Não tem dificuldade em partilhar. “Tenho muitos amigos”, diz, “nem sei quantos”. Já teve várias atividades de tempos livres – karaté, futebol, natação –, desistiu de todos porque não gostava, mas não lhe ficaram amigos destas atividades. O seu passatempo preferido é ver os desenhos animados na televisão. Não gosta de matemática nem de ler e prefere expressão plástica. “Às vezes tenho boas notas”. A melhor coisa que lhe podia acontecer? “Ganhar o Euromilhões e ter uma moto quatro”. Por agora não pensa no futuro porque acha que “ainda é muito cedo”.
O exemplo positivo
João, hoje com 40 anos, filho único, perdeu o pai aos sete anos de idade, mas lembra-se que “chegou a pedir um irmão à mãe pelo Natal “ (risos). “Sou um exemplo positivo de filho único porque fui educado para socializar e ser humano com o meu próximo.”
O facto de ser filho único tornou-o “mais introspetivo” e trouxe-lhe a necessidade de um tempo para estar com ele próprio. No entanto, sempre “alimentou muito as relações com amigos, grupos desportivos, escuteiros, associações e, sobretudo, com a paróquia: a minha educação católica deu-me um certo humanismo e influenciou a minha maneira de viver.”
Tem também “uma família grande, com muitos primos”, com quem procura conviver e aposta “numa rede de amizades forte porque as amizades duram mais do que tudo”, acentua.

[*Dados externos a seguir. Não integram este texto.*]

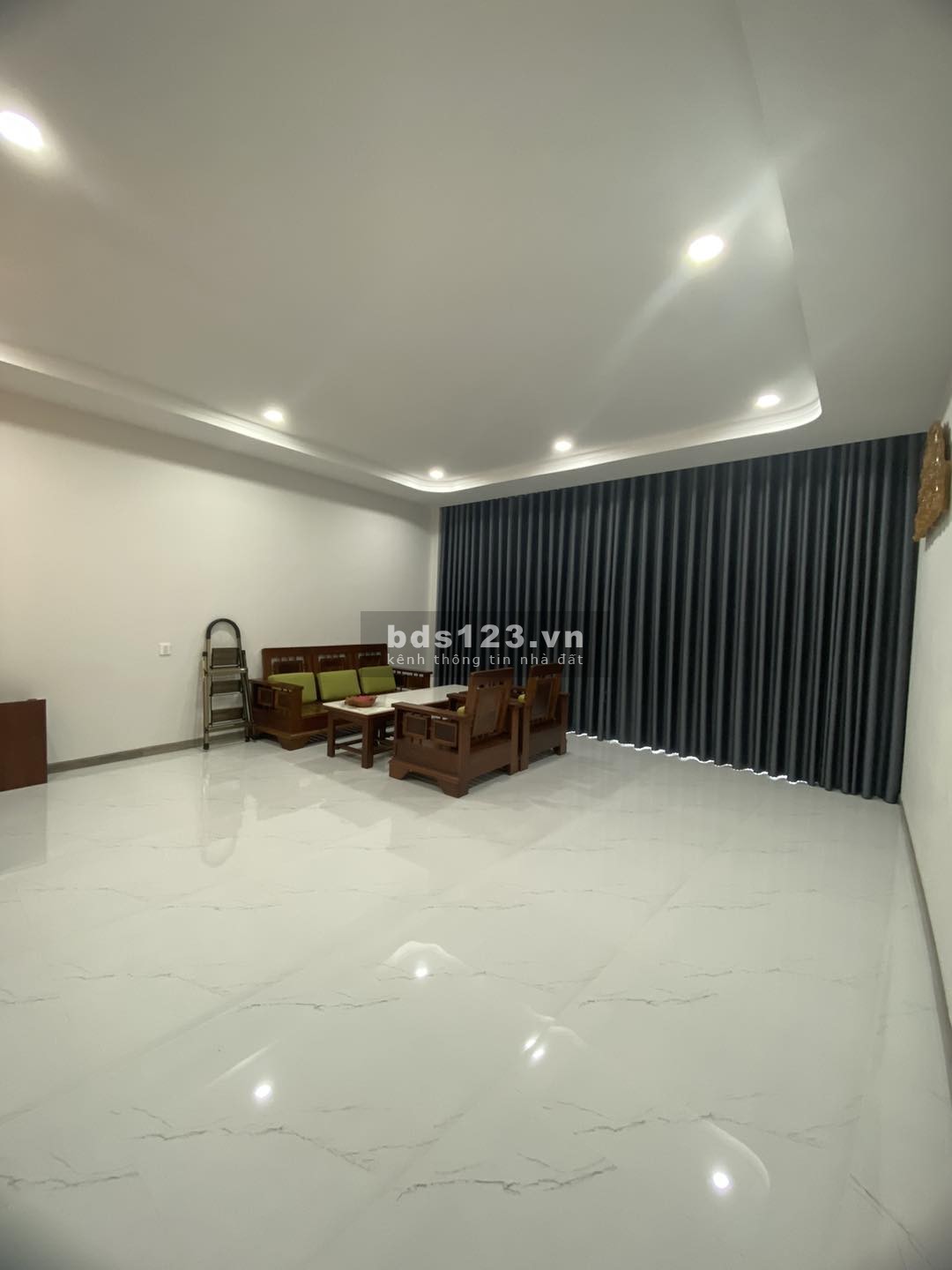 PHO14 Bán nhà 5 tầng mới đẹp có thang máy mặt tiền Trần Nguyên Hãn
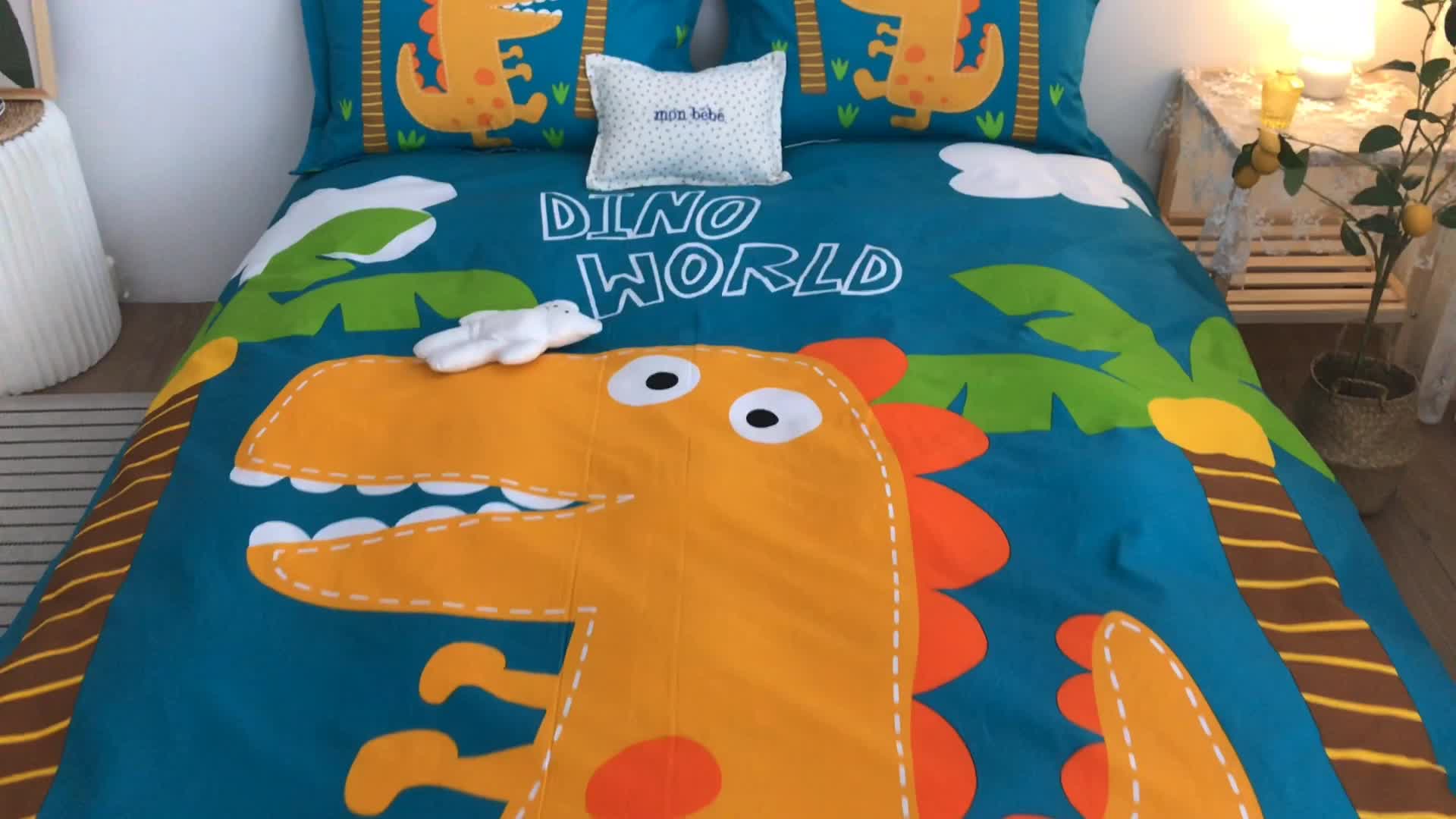 91家纺网 家纺一手货源 找家纺 金爱家 2021新款13372卡通全棉四件套 恐龙世界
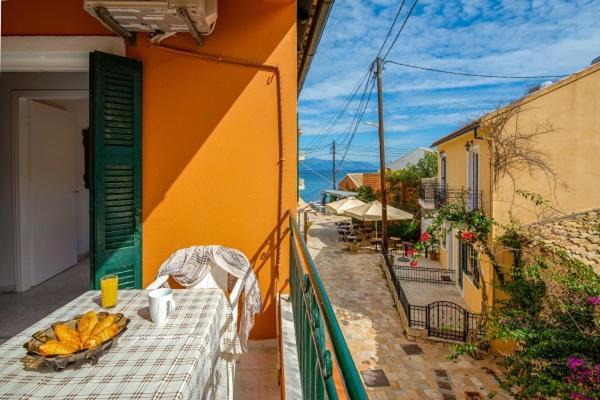 Апартаменти Alekos House Longos  Екстер'єр фото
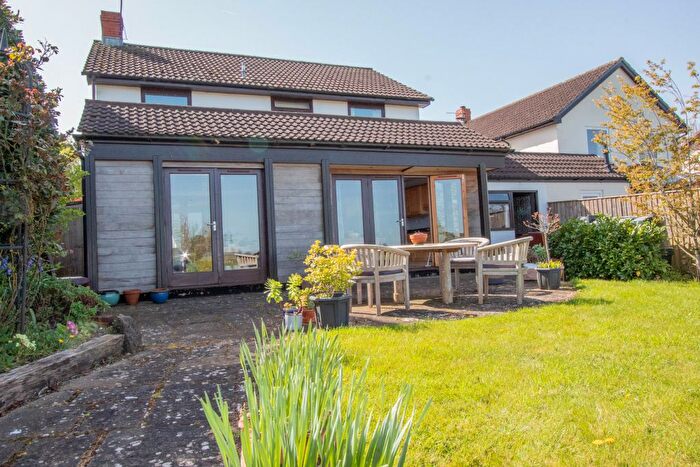 4 Bedroom Link Detached House For Sale In Woodmans Orchard, Talaton, EX5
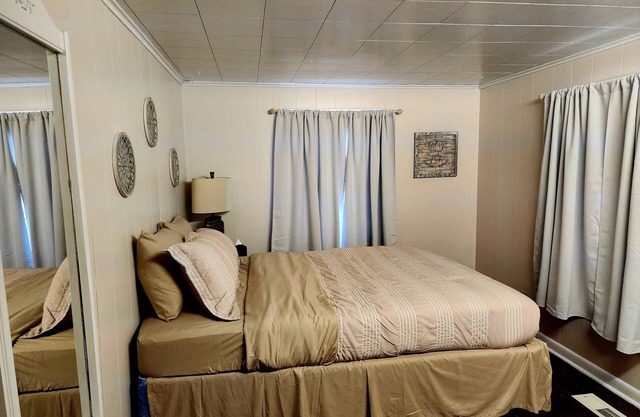 Cozy Honey Creek Hideaway, comfortable sleeping for 8 at Grand Lake!
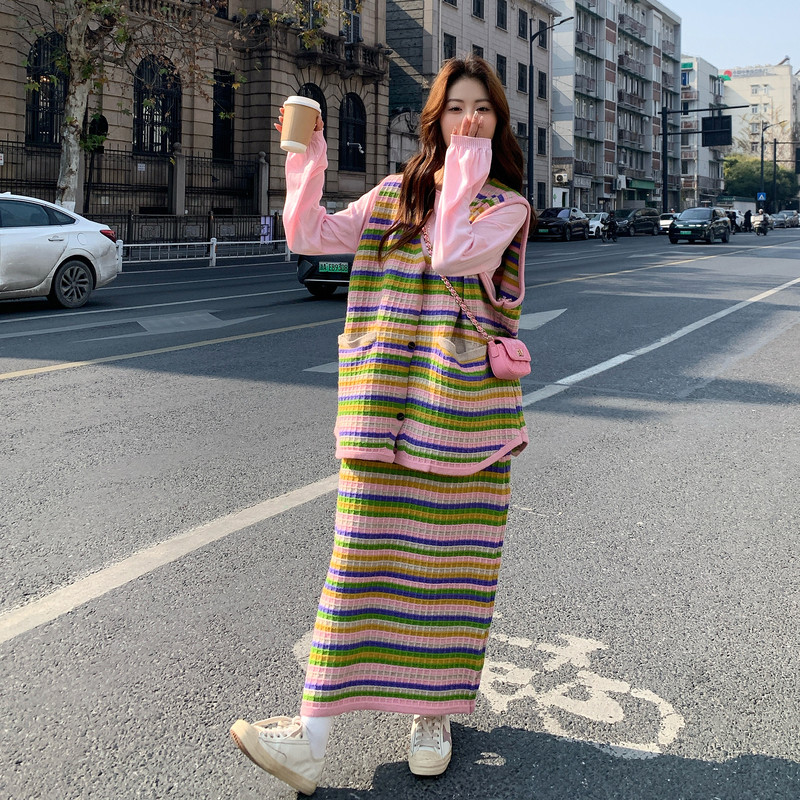 新品现货！条纹针织彩色马甲三件套 8606-P195控318图片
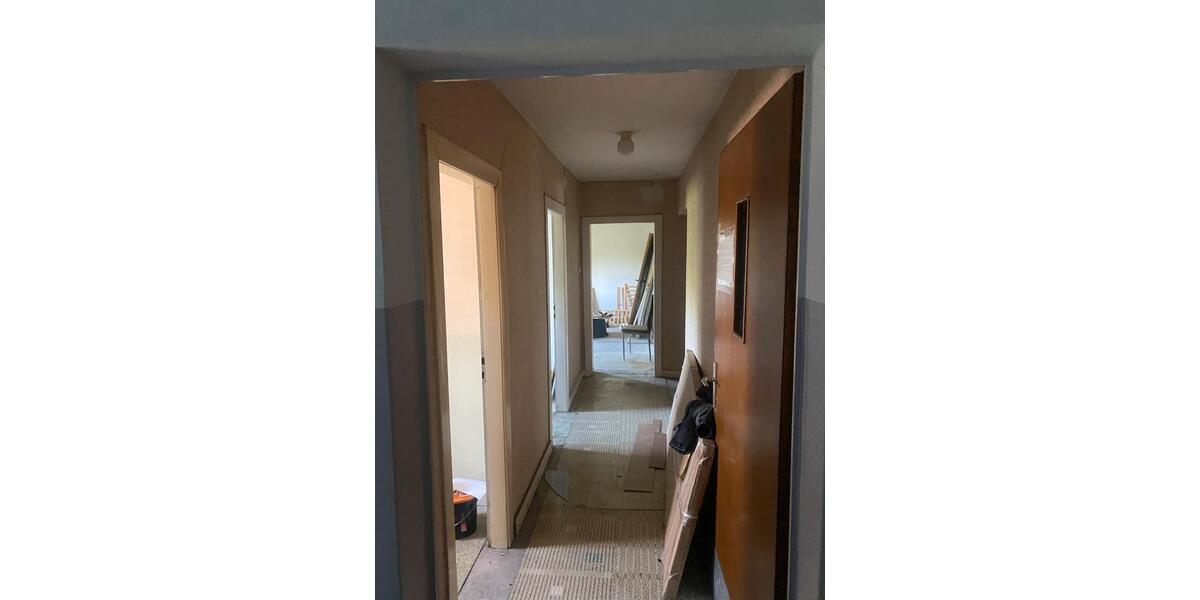 Dachgeschoßwohnung Aachen Aachen-Mitte - 6 Zimmer, 140 m&sup2;, 140.000&euro; | Angebot:26961044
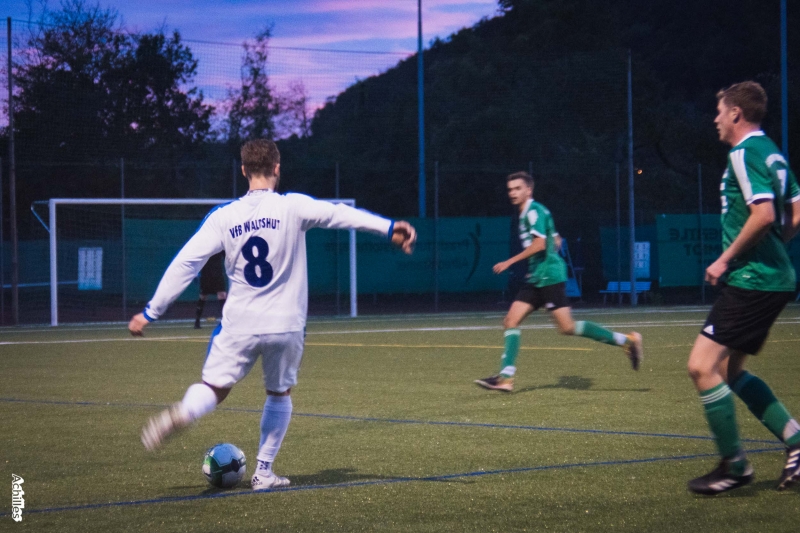VFB_Waldshut_vs__SG_Mettingen-Krenkingen-3-0_am_7_10_2017-19.jpg
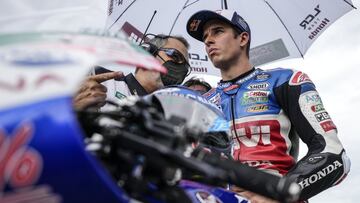 Álex Márquez aguarda en la parrilla de salida del GP de San Marino.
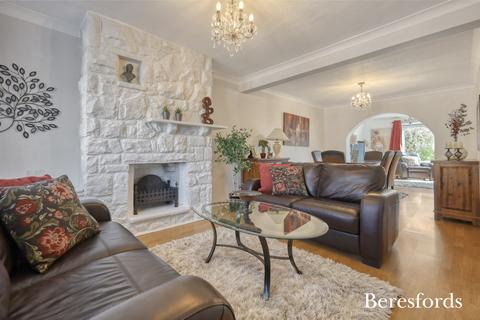 2 Chipperfield Close, Upminster, RM14 3EA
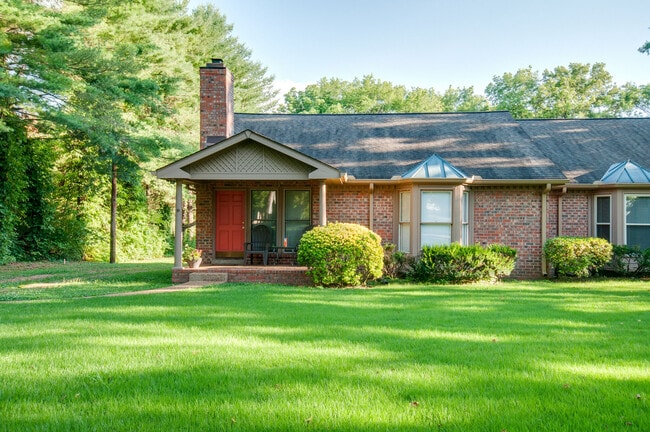Building Photo - 151 Davidson Rd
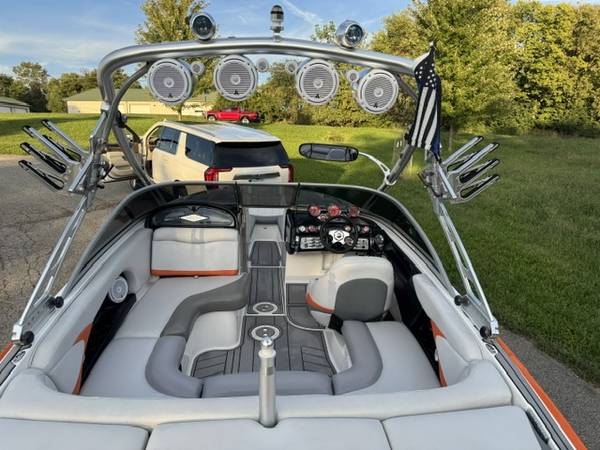 2006 MasterCraft, Import USA — Foto 8 z 12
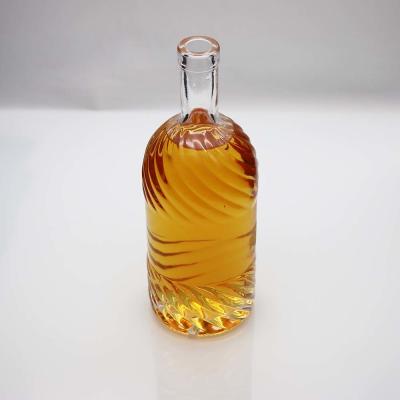 China Botella de copa de vino grabada en relieve de Logo Sculpture Luxury Spirits Bottle 850g 750ml en venta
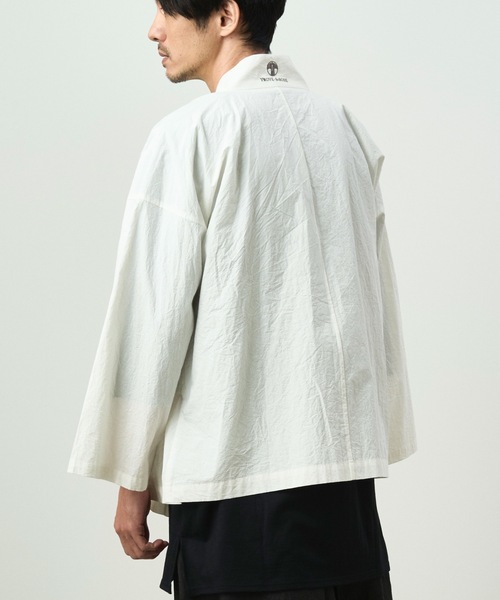 和ROBE（ワローブ）の「WA Y SHIRT TECH（カーディガン/ボレロ・メンズ・ホワイト/チャコール/ブラック・2/3）」の8枚目の写真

“Os meus pais sempre me ensinaram o valor da vida e a educação para olhar o próximo foi importante. Não sou o centro do universo.” E João é claramente um “íman” de amizades.
O eterno solitário
Vítor, 50 anos, filho único, sente que a sua personalidade foi moldada não “apenas” por ser filho único, mas pelo facto de ser filho único de pais separados a partir dos 11 anos. Nunca se reviu no cliché do filho mimado. “Nem me tornei num adulto egocêntrico ou egoísta porque tive uma educação bastante espartana, habituado a dar valor ao que se tem”.
No entanto, reconhece que sempre teve dificuldade em socializar. “Habituei-me a viver ‘sozinho’ muito novo, construindo os meus mundos, fazendo a minha vida, ao meu ritmo e ao meu modo. Isso fez de mim uma pessoa bastante solitária, que está bem consigo e pouco à vontade no meio dos outros. Por via da minha profissão, que me obrigou a contactar com muita gente, muitas vezes desconhecidos e a ter exposição pública – algo com que ainda hoje lido com dificuldade –, desenvolvi mecanismos e defesas que me permitem ‘socializar’, disfarçando a dificuldade.”
Sendo homem de convicções nunca procurou fazer parte de grupos desportivos e muito menos de associações para colmatar a falta de irmãos. Evita “a todo o custo grupos, festas cheias de gente e até jantares de família de outros”. Pensa no momento em que perderá a mãe, porque já perdeu o pai e sabe que vai “sentir uma profunda solidão”.
Gostava de ter tido um irmão. Não sabe como “teria corrido”, mas, confessa, “sei que poderíamos ser uma ajuda para repartir peso e responsabilidades do muito que aconteceu pelo caminho”.